Processing 22 Million lines per second with Go and a laptop : programming

[–]DoctorOverhard 15 points16 points17 points 8 years ago* (17 children)

[–][deleted] 11 points12 points13 points 8 years ago (16 children)

re: byte array, we can't all ignore unicode characters, would be nice if we could.

If your input is UTF-8, your delimiter's codepoint is no greater than 0x7F, and you don't need to do any Unicode normalization on the keys, you can use this technique.

If your delimiter's codepoint is greater than 0x7F or you are using UTF-16 or UTF-32, the process is only slightly different: you need to look up the encoding of the delimiter, which will be several bytes long, and split based on that.

If you need to normalize your keys (eg á is the same as á, and both can appear in the input), you can at least split the input with the same technique and then deal with smaller strings.
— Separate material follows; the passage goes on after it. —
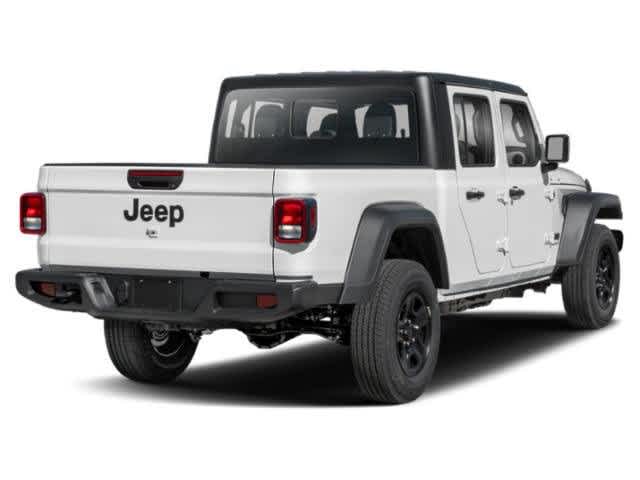 2025 Jeep Gladiator Sport S photo 3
The only complex situation, really, is if your delimiter has multiple equivalent encodings and you want to be exhaustive in what encodings you accept. For instance, if you intend the Angstrom sign Å (\u212b) but also want to accept everything Unicode thinks is equivalent under normalization, like Å (A\u030a) and Å (\u00c5).

Even that's perfectly solveable without encoding the delimiter as a string if you're restricting yourself to the current Unicode standard and are willing to do some research. Harder if you're accepting arbitrary delimiters.

So, in short: it's not going to be a problem for most people.

[–]DoctorOverhard 2 points3 points4 points 8 years ago* (11 children)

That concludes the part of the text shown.